Now the president refuses to acknowledge that these tariffs are hurting Main Street. He's got a bigger imperative. He's treating the Chinese like the Soviet Union. He wants to be Reagan, he wants that wall torn down. This time, though, it's the Chinese wall and the PRC is not some decrepit easily rolled nation.
The Fed chair refuses to acknowledge the damage the tariffs are starting to do, either. I know if the president wanted his way with the Fed, at this point he would have to use reverse psychology and demand enough tightenings to throw us into recession. Jay Powell has to go out and say "you know I wanted to tighten once in December, our ninth tightening, and then three more next year, but the president is so bent on destroying the economy to bring down the PRC that he is doing my work for me and I can sit back and watch the damage occur. What a great tour de force way to get control of the situation. I hope he does it.
But now, I want to go back to the context here. There's a big straw man I keep hearing, the straw man is that the economy is so strong that, not to worry, Powell can tighten all he wants, even go beyond this mythical figure and we won't have a recession.
I find that logic appalling. We are not talking about having a recession. We are talking about reversing a lot of the great growth we have had and creating rounds and rounds of layoffs because of a lack of demand in autos, in housing, in construction and so many other industries. That's really what's in the cards.
You know what's not in the cards? Another Great Recession. We can have lots of economic activity cease, we can have businesses no longer want to grow, we can have a cessation of cross border trade and what would happen is that Main Street would do badly.
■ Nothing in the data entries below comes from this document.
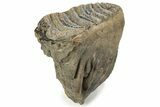 Woolly Mammoth Molar - Siberia #232723-4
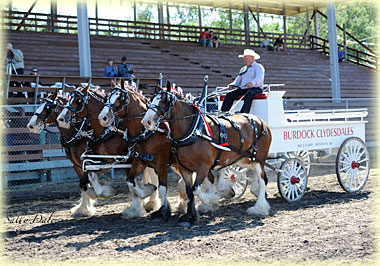 Four abreast entry of Hatfield Clydesdales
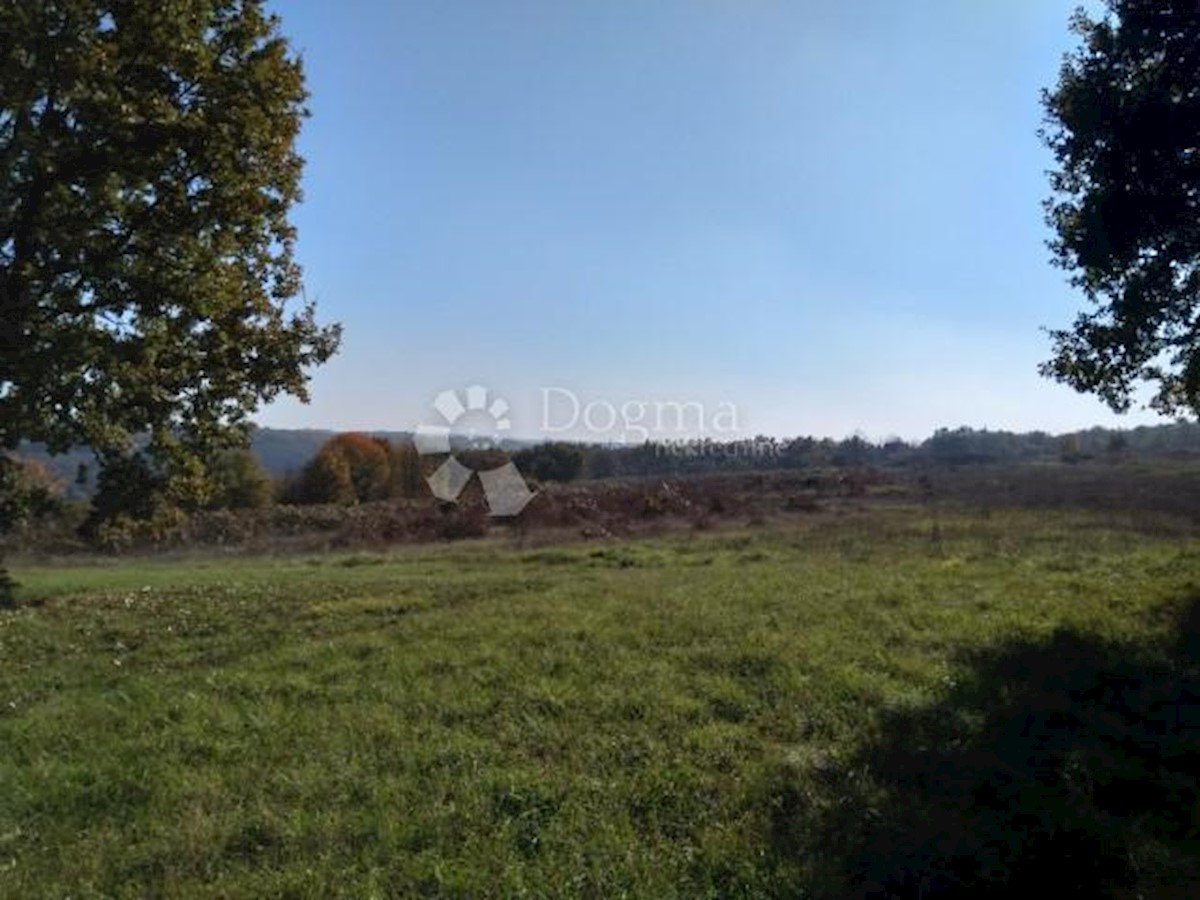 Parcela Naprodaj - ISTARSKA Tinjan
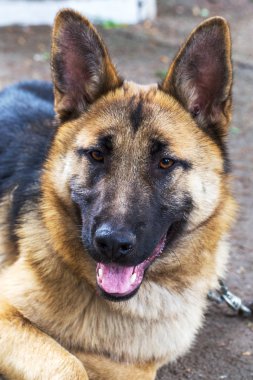 bir köpek, koyun kameraya bakarak üzgün yakın çekim portre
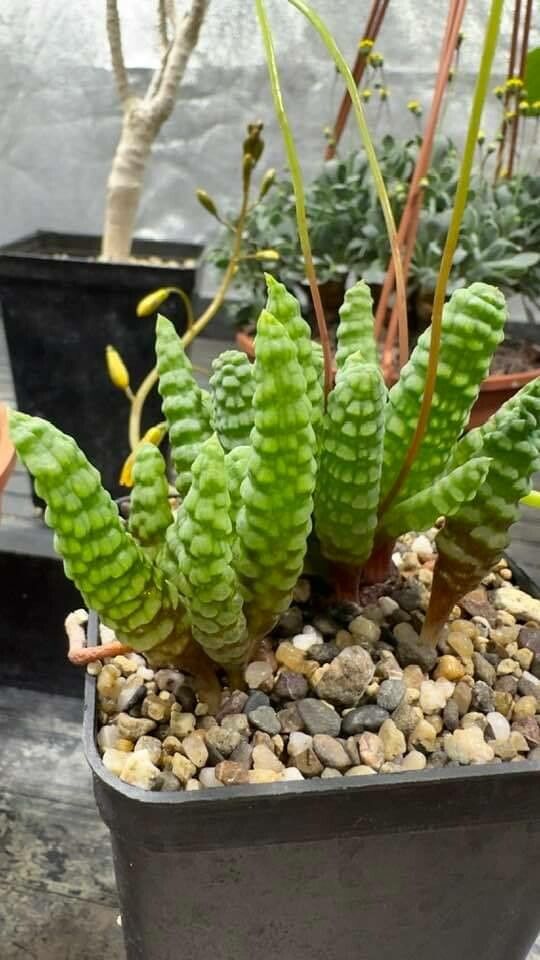 Bulbine bruynsii — search result for 'Bulbine'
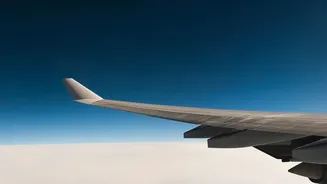 Delhi To Guangzhou Flights Are Back: Route Details Travellers Should Check Before Booking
But as long as the corporate and individual balance sheets are strong -- and they are -- we are not going to spiral into some sort of systemic risk situation.
Yet, on Wedneday it was obvious that many felt that we were going to go into something more severe. There were enough issues and disappointments on the table that it is easy to see how we could get into some real ugliness that hurts corporate profits and slashes earnings per share. But that and the attendant layoffs are the prices we are going to have to pay if these gigantic games of chicken between the president and the Fed and the president and china keep hurtling toward the cliff.
Now I am smart enough to know that I don't know who will blink. I am also smart enough to know, though, that someone has to, one of these parties or we will have to repeal these nice gains that come from having Visa (V) and Microsoft (MSFT) and Tesla (TSLA) and Ford (F) among a host of other companies report great numbers.
My point is a simple one: those who want the economy slowed because of inflation, you should be careful what you wish for. You will get all the deflation you need if these games of chicken escalate.
But if you get one thing out of my contextual lesson it's that this is not 2007 where there was too much damage to avoid a crash. This is 2006, when it could still be averted. Let's hope the policy makers recognize that, and we can avoid a painful but not cataclysmic downturn like we had when they knew nothing and that game of chicken ended in disaster.